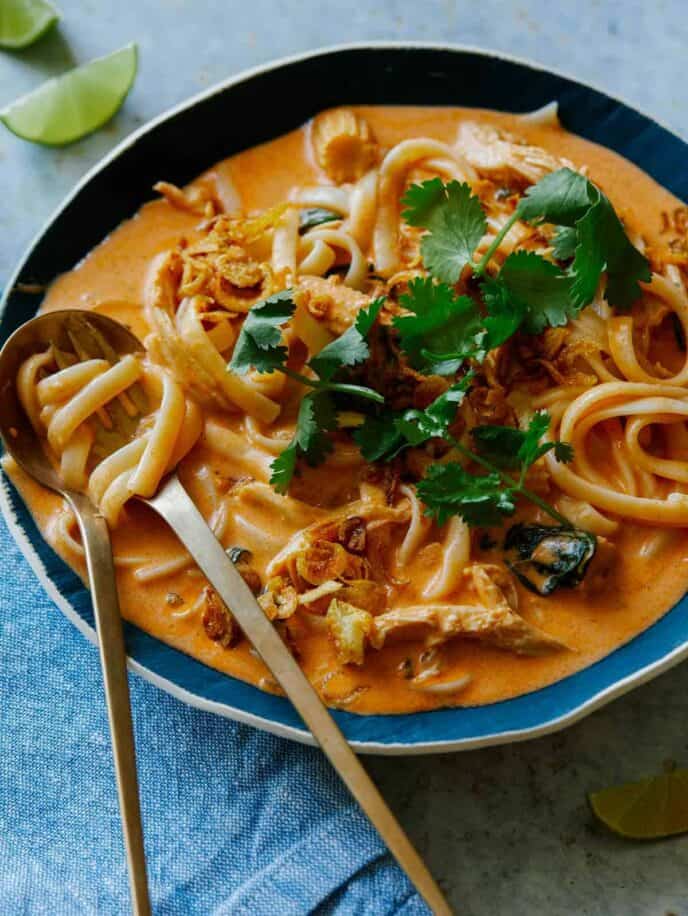 Bowl of spicy thai red curry soup with a spoon and fork.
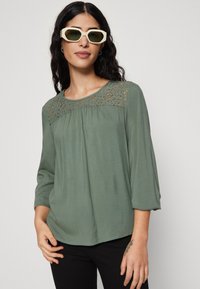 Grønn bluse med blonder ved bypassen, 3/4-ermer, flytende stoff og avslappet passform. Kombinert med hvite oversized solbriller.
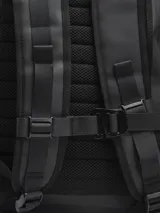 Mochila negra con cierre superior y bolsillo frontal con cierre. Tiene dos bolsillos laterales con cierre y un pequeño logo cuadrado en la parte inferior.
^^^^^^^^
(WORK REQUEST)
The result should be every line of the data, reproduced exactly, with the images removed.

(SOLVED EXERCISE)
 Bowl of spicy thai red curry soup with a spoon and fork.
 Grønn bluse med blonder ved bypassen, 3/4-ermer, flytende stoff og avslappet passform. Kombinert med hvite oversized solbriller.
 Mochila negra con cierre superior y bolsillo frontal con cierre. Tiene dos bolsillos laterales con cierre y un pequeño logo cuadrado en la parte inferior.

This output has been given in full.